Noia, di Walter Sickert (1860-1942), coservato alla Tate Gallery di Londra

 Il titolo è molto chiaro: Noia. E in questo dipinto la noia è evidente.

Un uomo è seduto fumando un sigaro.

Una donna è alle sue spalle e fissa un quadro che chissà quante volte ha già fissato.

Il tempo figura come una condanna: non passa.

C’è un silenzio incombente, perché i personaggi fanno chiaramente capire che sono in un tedioso silenzio.
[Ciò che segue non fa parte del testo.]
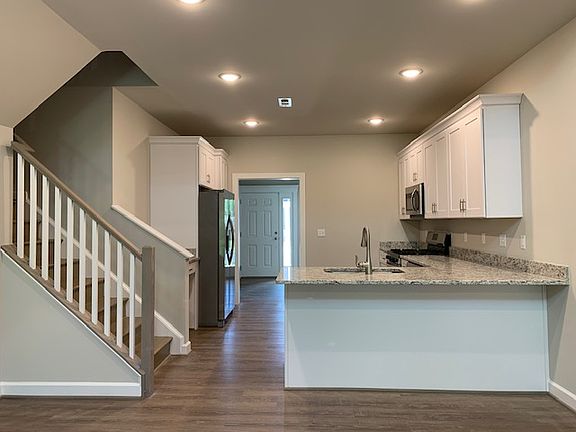 3rd image of 5617 Finley Rose Ct
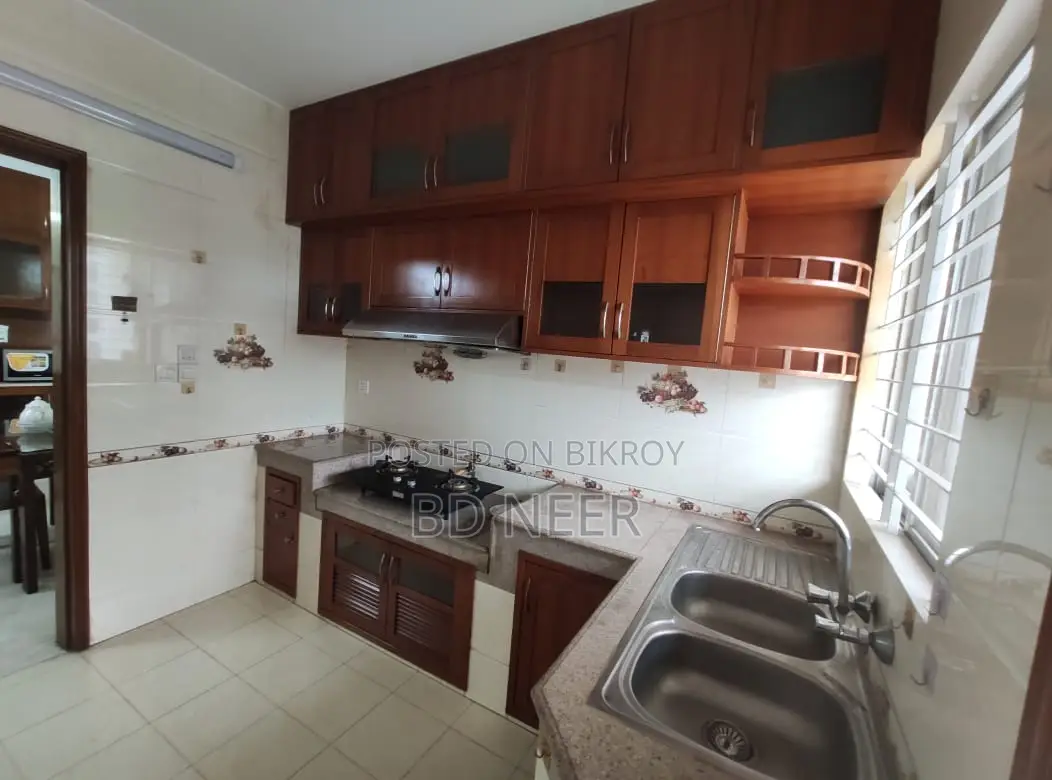 luxury fully furnish 3 Bed room apt rent in Gulshan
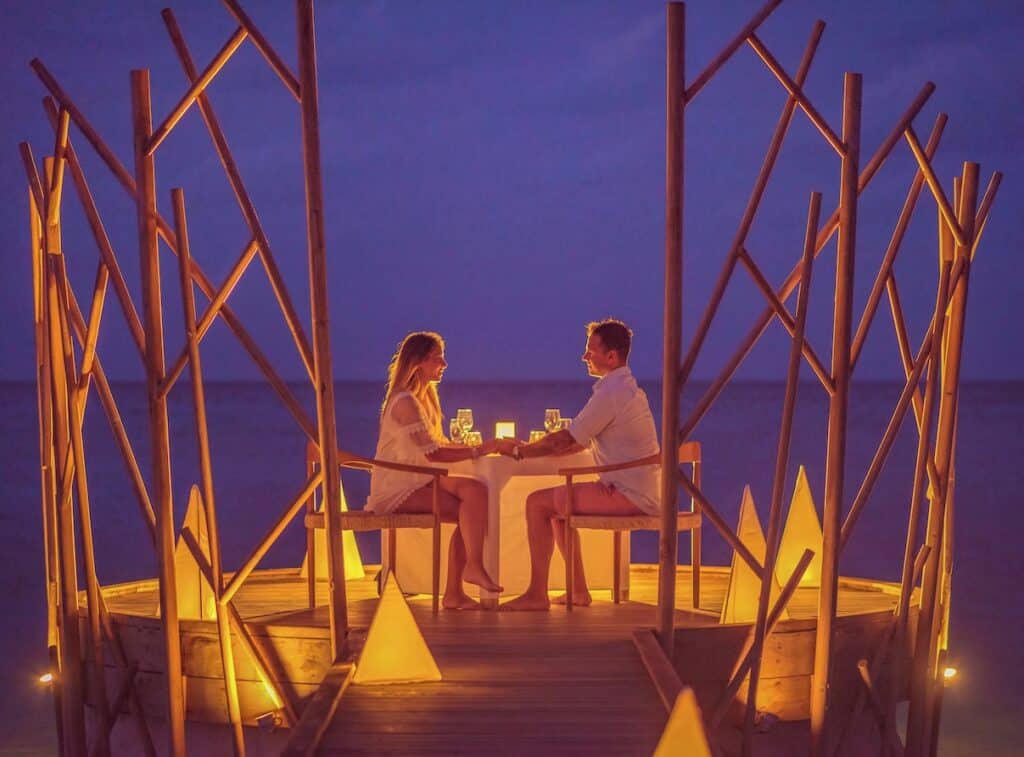 spectacular seafront dining in the Maldives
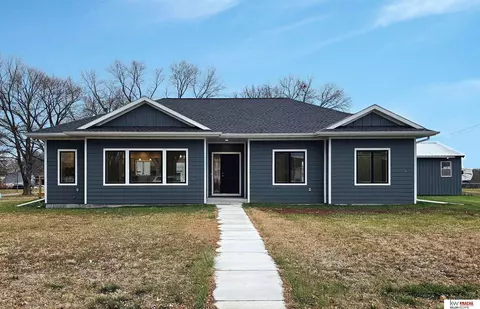 301 Laramie St, Diller, NE 68342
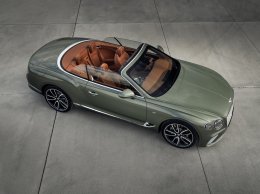 FLYING SPUR HYBRID แชมป์รุ่นยอดนิยม ย้ำ ‘หนึ่งเดียวในไทย’ ส่งมอบบริการมาตรฐานโรงงาน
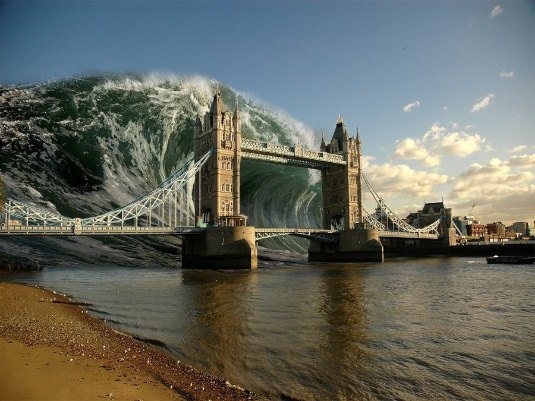 The Little Big Horn Strategy of Link Building - London-Bridge-Tsunami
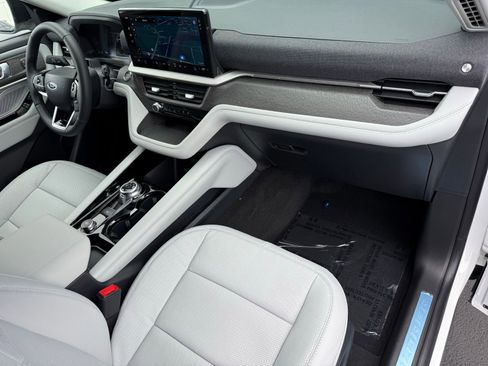 New 2026 Ford Explorer Platinum w/ LUX Leather Package image 21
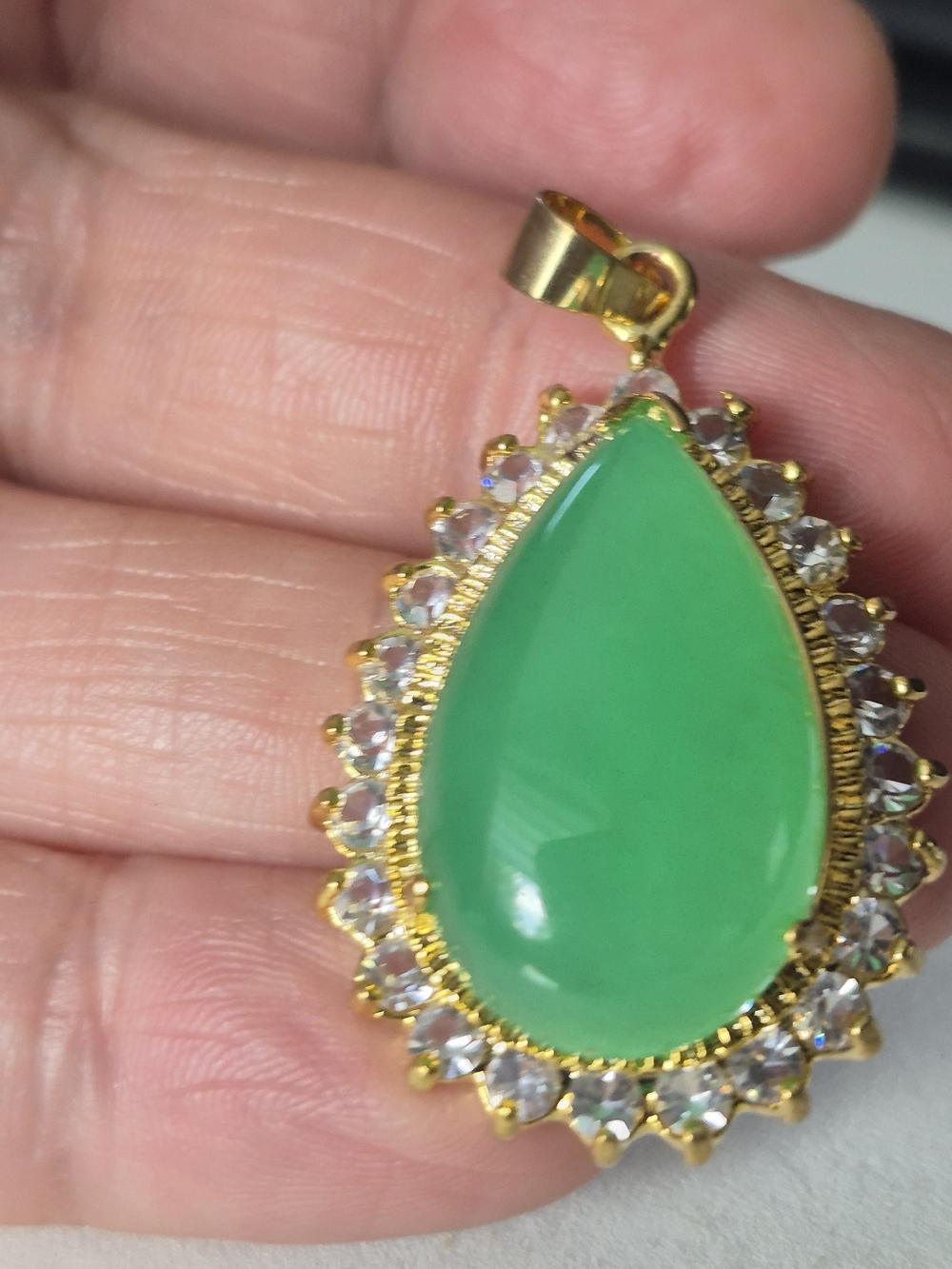 18k Gold Palted  Teardrop Green Chalcedony Pendant Necklace - Picture 2 of 8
E poi ci sono gli sguardi.

Quello dell’uomo è visibile ed è di suo significativo. Gli occhi sembrano persi nei ricordi. Forse sta pensando a qualcosa di piacevole che è volato via e che non può più ritornare.

Quello della donna non è visibile, ma è facilmente immaginabile. Anch’esso è perso nei ricordi.

Ecco dunque due temi che si rendono protagonisti del dipinto: il tempo che non passa e la nostalgia.

Quando si è vinti dalla convinzione che ciò che è passato non può tornare, che tutto si è smarrito in un impietoso finire, allora non resta che il tedio.

Il perché del nulla opprime.

E non c’è sigaro né sguardo perso per l’ennesima volta su una pallida parte che possano bastare.